Отойдя от наивных представлений своих предков о похожих на людей олимпийских божествах, распоряжающихся с высот Олимпа судьбами смертных, многие из греческих философов считали, что непостижимый и вечный Разум-бог, хотя и проявляется в каждом из земных существ, в целом чужд их обыденной жизни. Не в силах расстаться с самой идеей некой высшей, управляющей всем миром силы, даже Демокрит находил для богов место в величественной системе своего диакосмоса, хотя и колебался в своем взгляде на природу богов: «то, по словам Цицерона, он говорит, что бог есть ум в шарообразном огне», то представляет богами «некие громадные образы столь больших размеров, что они извне окружают весь мир», то почитает за божество наш рассудок и ум.
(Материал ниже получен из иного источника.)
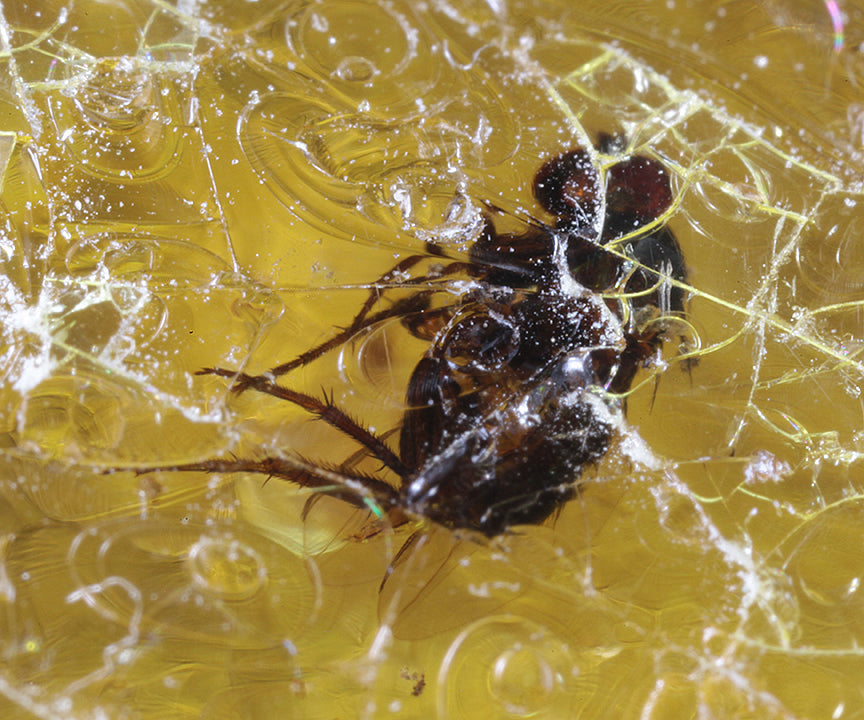 Copal / Young Amber with insect inclusions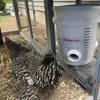 Podávač krmiva pre hydinu Náhľad obrázku produktu 4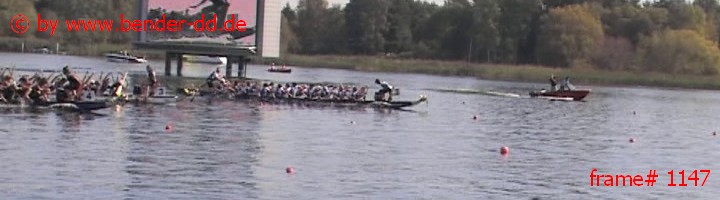 1147.jpg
Останавливаясь на этой стороне учения Эпикура, некоторые из исследователей считают, что он сделал шаг назад по сравнению со своими предшественниками-атомистами, отойдя от идеи единого бога-разума и духа, поскольку его божества (о чем он писал в своем сочинении «О богах», известном в пересказе Цицерона), постижимые лишь умом и не имеющие никакого отношения к жизни людской, в целом напоминают антропоморфных богов Гомера. Бессмертные и блаженные, они живут себе, наслаждаясь вечным досугом, в каких-то иных пределах, нимало не заботясь о том, что творится здесь, на земле. В отличие от Анаксагора и Демокрита Эпикур уже не искал разумного, божественного начала в этом мире: жизнь вокруг все чаще представлялась ему нагромождением случайностей, совершенно лишенной какой-либо внутренней логики, некоего сокровенного смысла, оправдывающего ее несообразности и аномалии. Трудно было поверить в то, что столь неразумным миром может править какой-то божественный разум и все происходит согласно его предначертаниям. И поэтому, даже если какие-то боги и существуют, то природа их и отношение к смертным должны быть совершенно иными. Вполне может быть также, что признание Эпикуром богов как таковых было только уступкой общепринятым установлениям, поскольку вопрос этот, ничего не меняющий в его видении мира и человеческой жизни, никогда не казался ему настолько значительным, чтобы ради него стоило вступать в столкновение с обществом, с окружающими людьми.